Intracellular staining for interferon γ (IFN-γ) expression was performed using the PharMingen intracellular staining kit (San Diego, CA).¹⁷  Double-color surface staining was first performed with phycoerythrin (PE)-conjugated anti-CD4 and anti-CD8 mAbs and then cells were permeabilized using a saponin-based method (PharMingen) and stained with fluorescein isothiocyanate (FITC)-anti-IFN-γ or IL-4 mAbs (PharMingen; BioSource, Camarillo, CA). Specificity of the antibody was confirmed by showing elimination of staining with blocking antibody. To perform this test 10 μg of a purified unconjugated antibody was added to the fixed/permeabilized cells, which was then incubated for 20 minutes prior to addition of the conjugated antibody. Samples were analyzed using the Coulter EPICS V flow cytometer (Hialeah, FL). Lymphocytes were gated initially by forward scatter/side scatter; secondary gates were set based on staining with isotypic control mAbs such that less than 1% of cells stained positive. Staining was compared to that for 30 normal controls. Results of 30 normal controls as well as the reproducibility of the technique were previously published by our laboaratory.¹⁷ 

Six of 16 evaluable patients (38%) with mAA responded to treatment within 90 days of receiving the last dose of daclizumab (Table 2; Figure 1). One patient, lost to follow-up, was excluded from analysis and was not evaluated at the 3-month evaluation period. Of the 16 evaluable patients with mAA (one patient was lost to follow-up), 3 were newly diagnosed and 13 had chronic mAA. Patients no. 1 and 2 with previously chronic disease showed complete return of normal blood counts within the first 4 months of receiving daclizumab. Single-lineage responses were seen in 3 patients with chronic disease (patients no. 3, 9, and 16). Two patients (nos. 1 and 9) previously dependent on RBC transfusions no longer require transfusions after more than 2 years of follow-up. Another patient (no.3), who had experienced many neutropenia-related infections, now has a normal white blood cell count. Only one patient progressed despite treatment and was later treated with ATG/CsA and responded. Although follow-up time was limited, only one patient had a relapse, but she responded promptly to further daclizumab treatments. Daclizumab was associated with no toxicity except for a mild first infusion reaction in one patient (itching), which did not require treatment and did not recur. As in a previous study of sAA,¹⁷  CD8 cells from 11 patients were tested for the presence of IFN-γ; 5 of the 6 testing positive by the assay responded to daclizumab, whereas all 5 patients testing negative failed to clinically respond to daclizumab (Figure 2).
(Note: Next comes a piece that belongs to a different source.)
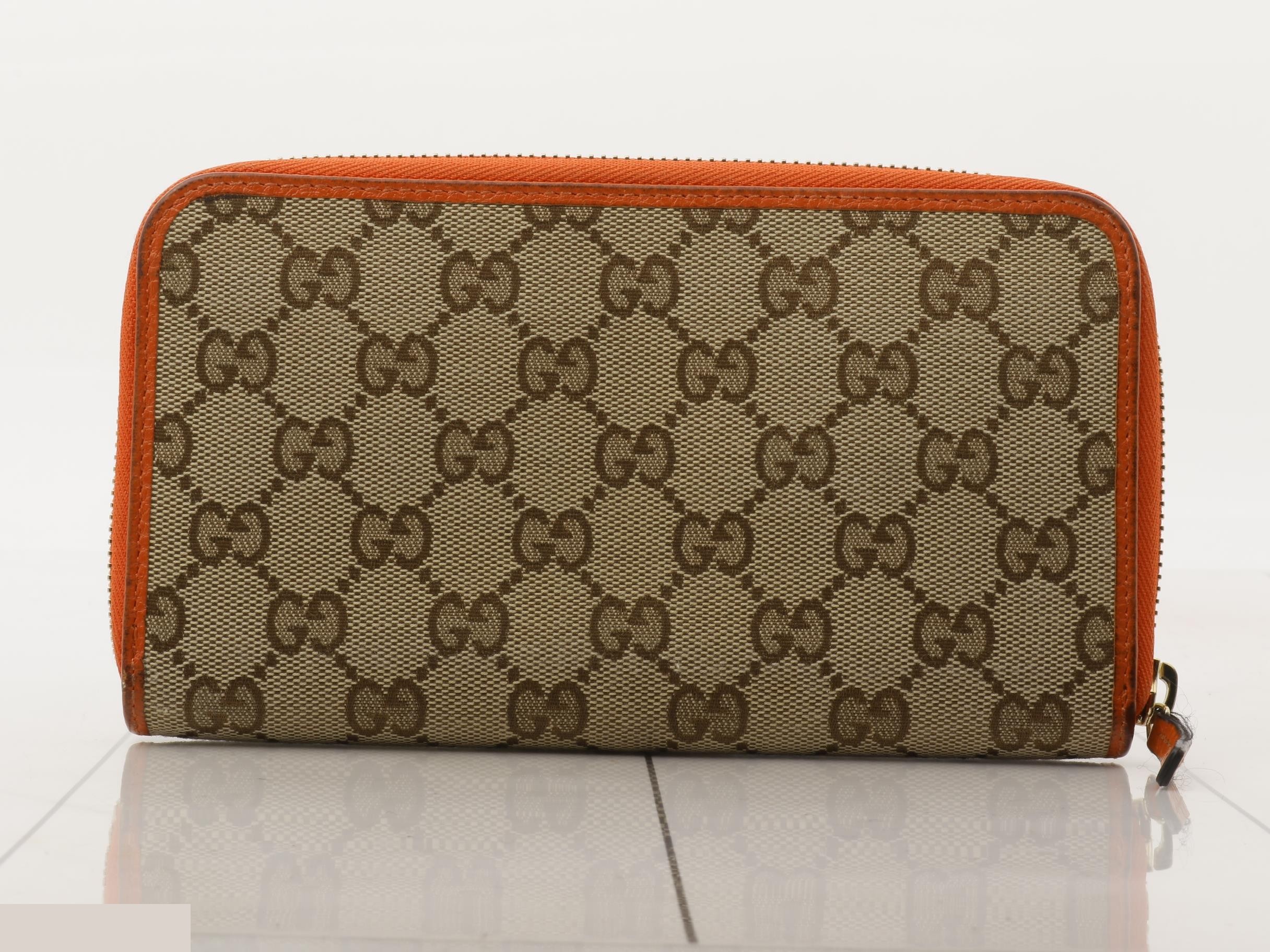 long wallet — view 2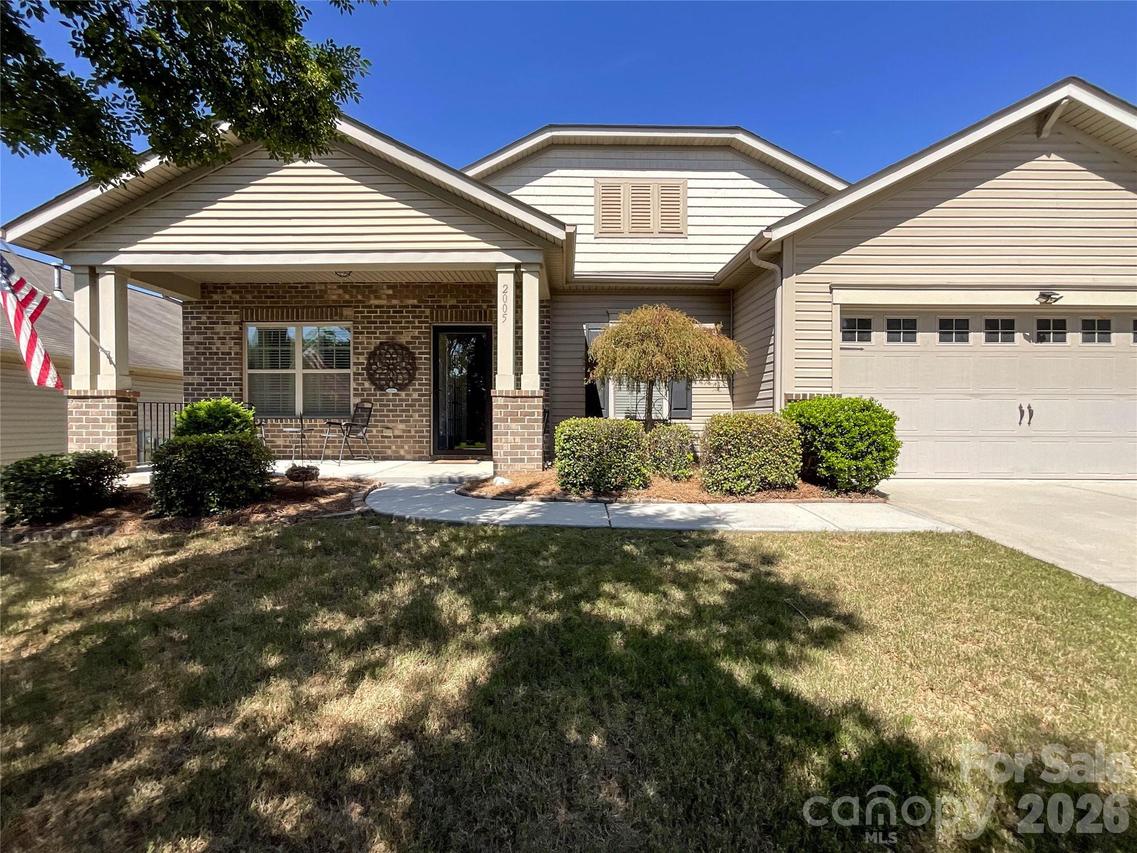 2005 Yellow Daisy Dr., Matthews, NC 28104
The goal of immunosuppressive regimens in AA is elimination of T cells effecting the immune-mediated destruction of hematopoietic progenitor and stem cells. Although this study included only patients who were symptomatic from their bone marrow failure, immunosuppressive therapy, if sufficiently innocuous and also convenient, could potentially be used to prevent stem cell depletion in patients with evidence of immune-mediated bone marrow destruction in an early phase of hematologic disease. The relapse rate after treatment with daclizumab is not known at this point, but the one relapse reported here might be indicative of the need for further immunosuppression in some patients. Further long-term studies are needed both to determine systematically the effect of early treatment on the course of mAA, as well as to establish the optimal dosing regimen for daclizumab and the need for further immunosuppression. Other roles for daclizumab in AA can now be envisioned including treatment of relapsed sAA, in myelodysplastic syndrome, for pure RBC aplasia and other single-lineage failure diseases, and as a replacement for CsA in treatment-dependent patients with sAA where CsA is contraindicated or has shown toxicity.